The Chicago Teachers Union President Stacy Davis Gates said the Chicago Teachers Union believes in rank-and-file leadership. Every member of the union, which is 30,000, has an opportunity to submit contract proposals. Those proposals have gone through a process where members vote on every proposal to ensure that those proposals reflect the needs of every component of the union’s membership.
“We believe that the people who are closest to the impact of policy deserve to have an opportunity to create and form the policy that we push at the bargaining table,” Davis Gates said.
Some of the points for the contract include special education, dual language programs, sports programs, fine arts programs and career technology education programs.
The Chicago Teachers Union bargains for its classrooms in terms of the school community and bargains for the wider community because the schools are in the wider community. It practices common good bargaining. The union believes that public education is a common good.
“The vast majority of Chicagoans will go to a public school and if you want to do right by Chicago, you want to think about how you do that with respect to the school district,” Davis Gates said.
In 2019, Chicago Teachers Union took up housing. Davis Gates said that 20,000 of the district’s students are unhoused and 80% of those students are Black. She said it was a reflection of the destruction of public housing and the replacement housing that did not follow after that destruction and the lack of affordable housing in the city.
She said lack of stability doesn’t give a school a classroom full of students who are on time and ready to learn, it results in a classroom of students who need more. The union was able to get added staffing to support students who were experiencing being unhoused. This year, in the contract, the CTU wants the CHA lists to open and to give CPS students and their families priority.

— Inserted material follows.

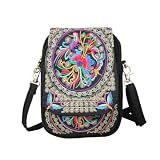 Alide Damska torba na ramię, mała, kwiatowa, torebka crossbody, etniczny, płócienny haft, portfel na telefon komórkowy, wielowarstwowy portfel, podróż, zakupy na plaży
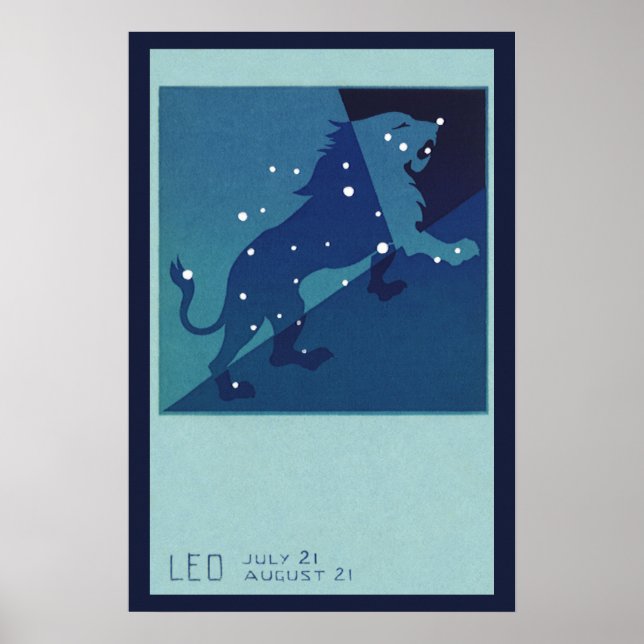 Poster Vintage Zodiac Astrologia Leo Constelação de Leão (Frente)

“That both stabilizes the enrollment at the district and it also stabilizes a household,” Davis Gates said.
Davis Gates said that CTU believes every school should have a fine arts program with band, orchestra, choir and art. She said those things round out the educational experience for students. The contract proposals also include the recruitment of more Black teachers.
“We can’t continue to leave opportunities on the ground. We know when children have Black teachers, those Black teachers have a significant impact on their achievement,” Davis Gates said.
As a teacher, Davis Gates has had students come back and tell her the type of expectation and instruction she offered them was important including the cultural element that was there. Those students believed they could achieve big things because they saw their teachers as a manifestation of the work.
Davis Gates and the Chicago Teachers Union went to Springfield to get more resources. It means more funding for wraparound support – social workers, counselors and librarians – in the schools. CTU is also asking the district to create sustainable community schools. She gave the example of James Beidler Elementary School on the city’s West Side. It was slated for closure, the school community organized and fought to keep the school open. Beidler is a sustainable community school, which means it receives more resources and it is done with Blocks Together, a community organization that provides support for the students and families.
“You get this well-rounded experience that draws in the community, invites the parents in and also gives them some agency how their children are educated, what types of support are located in the school, because they get more resources … as a result, Beidler has been climbing in every category of achievement,” Davis Gates said.